• PROVIDED RECORDS:
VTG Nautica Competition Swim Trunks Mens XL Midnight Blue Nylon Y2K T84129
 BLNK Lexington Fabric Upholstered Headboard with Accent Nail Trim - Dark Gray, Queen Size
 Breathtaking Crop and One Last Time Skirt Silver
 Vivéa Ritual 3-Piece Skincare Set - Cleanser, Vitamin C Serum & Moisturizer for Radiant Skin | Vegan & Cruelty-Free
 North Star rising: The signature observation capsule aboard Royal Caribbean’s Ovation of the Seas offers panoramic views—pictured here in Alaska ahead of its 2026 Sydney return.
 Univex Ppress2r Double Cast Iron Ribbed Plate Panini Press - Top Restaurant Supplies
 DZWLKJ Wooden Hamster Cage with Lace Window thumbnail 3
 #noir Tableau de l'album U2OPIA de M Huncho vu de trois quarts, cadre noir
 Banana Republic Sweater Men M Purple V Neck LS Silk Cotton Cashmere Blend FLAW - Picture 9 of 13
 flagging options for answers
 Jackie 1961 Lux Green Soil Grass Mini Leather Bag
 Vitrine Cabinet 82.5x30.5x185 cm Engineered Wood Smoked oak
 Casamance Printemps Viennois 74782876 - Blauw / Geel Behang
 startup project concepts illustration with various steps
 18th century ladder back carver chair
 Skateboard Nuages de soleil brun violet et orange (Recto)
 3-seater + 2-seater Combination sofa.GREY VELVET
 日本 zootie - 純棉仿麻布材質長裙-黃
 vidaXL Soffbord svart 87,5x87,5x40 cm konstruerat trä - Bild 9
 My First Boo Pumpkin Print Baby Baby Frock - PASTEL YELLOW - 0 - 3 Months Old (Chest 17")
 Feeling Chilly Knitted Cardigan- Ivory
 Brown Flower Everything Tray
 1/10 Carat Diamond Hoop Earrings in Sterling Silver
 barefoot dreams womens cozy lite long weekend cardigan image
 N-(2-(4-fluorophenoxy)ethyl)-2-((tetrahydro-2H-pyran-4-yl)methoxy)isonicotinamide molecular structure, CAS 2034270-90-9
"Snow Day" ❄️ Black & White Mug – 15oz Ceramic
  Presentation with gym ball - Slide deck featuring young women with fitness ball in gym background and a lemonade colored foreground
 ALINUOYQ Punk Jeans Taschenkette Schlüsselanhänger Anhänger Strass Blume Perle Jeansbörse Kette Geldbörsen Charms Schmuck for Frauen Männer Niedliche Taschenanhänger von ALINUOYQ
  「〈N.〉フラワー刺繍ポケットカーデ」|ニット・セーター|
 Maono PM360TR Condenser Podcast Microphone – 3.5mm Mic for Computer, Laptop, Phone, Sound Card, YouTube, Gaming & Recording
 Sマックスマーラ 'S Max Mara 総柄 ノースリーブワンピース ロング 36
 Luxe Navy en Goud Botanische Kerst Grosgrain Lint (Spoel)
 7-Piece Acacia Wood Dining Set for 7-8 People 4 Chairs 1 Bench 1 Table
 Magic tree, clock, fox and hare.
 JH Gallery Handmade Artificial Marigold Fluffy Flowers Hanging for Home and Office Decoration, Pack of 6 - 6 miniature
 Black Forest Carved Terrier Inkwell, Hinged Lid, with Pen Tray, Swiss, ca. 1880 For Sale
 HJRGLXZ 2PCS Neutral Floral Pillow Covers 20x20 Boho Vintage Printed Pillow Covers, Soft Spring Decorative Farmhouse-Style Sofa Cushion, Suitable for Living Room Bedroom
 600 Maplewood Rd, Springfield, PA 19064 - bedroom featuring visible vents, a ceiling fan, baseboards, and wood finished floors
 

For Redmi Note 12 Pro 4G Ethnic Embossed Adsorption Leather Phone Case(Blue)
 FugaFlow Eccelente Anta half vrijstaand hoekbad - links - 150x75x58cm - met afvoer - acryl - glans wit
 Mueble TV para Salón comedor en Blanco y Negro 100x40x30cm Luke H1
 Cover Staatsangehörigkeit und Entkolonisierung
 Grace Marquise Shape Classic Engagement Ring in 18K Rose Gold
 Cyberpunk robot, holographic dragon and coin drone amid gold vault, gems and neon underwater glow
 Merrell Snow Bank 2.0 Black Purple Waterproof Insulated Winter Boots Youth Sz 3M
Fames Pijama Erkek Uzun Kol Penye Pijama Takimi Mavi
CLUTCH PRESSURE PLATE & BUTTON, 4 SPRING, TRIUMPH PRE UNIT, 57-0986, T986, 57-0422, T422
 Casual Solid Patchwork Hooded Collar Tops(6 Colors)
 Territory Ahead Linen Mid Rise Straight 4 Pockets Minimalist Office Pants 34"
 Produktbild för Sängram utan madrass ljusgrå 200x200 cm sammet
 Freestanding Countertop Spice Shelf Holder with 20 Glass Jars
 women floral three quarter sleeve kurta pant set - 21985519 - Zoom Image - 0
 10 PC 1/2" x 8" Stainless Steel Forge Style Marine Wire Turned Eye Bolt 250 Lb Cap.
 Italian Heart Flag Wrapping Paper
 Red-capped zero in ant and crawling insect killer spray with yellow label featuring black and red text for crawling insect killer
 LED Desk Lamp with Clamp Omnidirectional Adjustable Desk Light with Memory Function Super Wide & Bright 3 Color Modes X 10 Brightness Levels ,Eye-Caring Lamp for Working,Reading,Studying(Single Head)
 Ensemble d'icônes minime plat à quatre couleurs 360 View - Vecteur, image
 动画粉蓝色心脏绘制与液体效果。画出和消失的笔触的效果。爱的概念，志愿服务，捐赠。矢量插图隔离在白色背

• TASK DIRECTIONS:
The range runs from the line with "vidaXL Soffbord svart" up to and including the line with "FugaFlow Eccelente Anta" in the listing above; please write out exactly those lines and nothing more.

• EXERCISE ANSWER:
 vidaXL Soffbord svart 87,5x87,5x40 cm konstruerat trä - Bild 9
 My First Boo Pumpkin Print Baby Baby Frock - PASTEL YELLOW - 0 - 3 Months Old (Chest 17")
 Feeling Chilly Knitted Cardigan- Ivory
 Brown Flower Everything Tray
 1/10 Carat Diamond Hoop Earrings in Sterling Silver
 barefoot dreams womens cozy lite long weekend cardigan image
 N-(2-(4-fluorophenoxy)ethyl)-2-((tetrahydro-2H-pyran-4-yl)methoxy)isonicotinamide molecular structure, CAS 2034270-90-9
"Snow Day" ❄️ Black & White Mug – 15oz Ceramic
  Presentation with gym ball - Slide deck featuring young women with fitness ball in gym background and a lemonade colored foreground
 ALINUOYQ Punk Jeans Taschenkette Schlüsselanhänger Anhänger Strass Blume Perle Jeansbörse Kette Geldbörsen Charms Schmuck for Frauen Männer Niedliche Taschenanhänger von ALINUOYQ
  「〈N.〉フラワー刺繍ポケットカーデ」|ニット・セーター|
 Maono PM360TR Condenser Podcast Microphone – 3.5mm Mic for Computer, Laptop, Phone, Sound Card, YouTube, Gaming & Recording
 Sマックスマーラ 'S Max Mara 総柄 ノースリーブワンピース ロング 36
 Luxe Navy en Goud Botanische Kerst Grosgrain Lint (Spoel)
 7-Piece Acacia Wood Dining Set for 7-8 People 4 Chairs 1 Bench 1 Table
 Magic tree, clock, fox and hare.
 JH Gallery Handmade Artificial Marigold Fluffy Flowers Hanging for Home and Office Decoration, Pack of 6 - 6 miniature
 Black Forest Carved Terrier Inkwell, Hinged Lid, with Pen Tray, Swiss, ca. 1880 For Sale
 HJRGLXZ 2PCS Neutral Floral Pillow Covers 20x20 Boho Vintage Printed Pillow Covers, Soft Spring Decorative Farmhouse-Style Sofa Cushion, Suitable for Living Room Bedroom
 600 Maplewood Rd, Springfield, PA 19064 - bedroom featuring visible vents, a ceiling fan, baseboards, and wood finished floors
 

For Redmi Note 12 Pro 4G Ethnic Embossed Adsorption Leather Phone Case(Blue)
 FugaFlow Eccelente Anta half vrijstaand hoekbad - links - 150x75x58cm - met afvoer - acryl - glans wit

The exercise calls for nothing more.